Every time I write about extremely aggressive or self-injurious behaviors – either those my son Jonah exhibited before he was medically stabilized in 2010, or those of other autistic teens I know who have detached their own retinas or smashed their heads against walls or floors to the point of traumatic brain injury – several commenters inevitably blame us, the parents, for just not understanding what our children are trying to communicate. For example, “BP” wrote, “You know what the key is? FIND A MEANS OF COMMUNICATION THAT WORKS FOR THEM…Just because they don’t communicate the way you do doesn’t mean they don’t understand or anything. It just means that YOU don’t understand them and are actually refusing to do so.” Echoed “Lara,” “GET IT? Any violence that happens is a direct result of an Autistic person being misunderstood and not appropriately accommodated.” And “joqatana” stated: “It’s about us trying to communicate with you and being punished for it from childhood because you refuse to learn OUR language…Your kid is trying to tell you something and YOU AREN’T LISTENING.”
If there’s anything more heartbreaking than trying to block your own child from punching, scratching, and kicking you, or physically restraining him from smacking himself in the face or even biting through her own tongue, it’s the feeling that you are somehow responsible – that there is some communication system or reinforcement schedule or choice you could offer that would keep your family safe. University of Michigan child psychiatrist Dr. Neera Ghaziuddin has seen many parents come to her office struggling with this guilt – even, she says, when there’s nothing they could have done.

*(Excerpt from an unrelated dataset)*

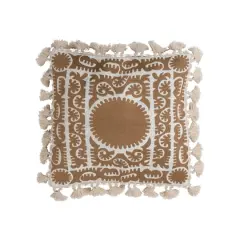 Hello Honey&reg; Cotton Pillow With Embroidery & Chambray Back With Tassels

It’s true that many autistic behaviors are caused by environmental, or operant, factors. A Functional Behavioral Assessment (FBA) will often reveal that individuals engage in mild aggression and/or self-injury to escape a demand (like a school task), to access a highly preferred item, or to get attention. But in a minority of cases, the FBA will determine that the behaviors are automatic, or intrinsic – in other words, they have no environmental triggers, occurring unpredictably and across all settings. These behaviors, Dr. Ghaziuddin explains, are biologically based, often driven by a co-morbid neurological or psychiatric illness like agitated catatonia or a mood disorder. And, she notes, “The more severe the behavior gets, the less likely it can be explained by operant factors alone.” These include violent behaviors intense enough to cause significant or permanent injury – such as concussions, hematomas, broken bones and scars.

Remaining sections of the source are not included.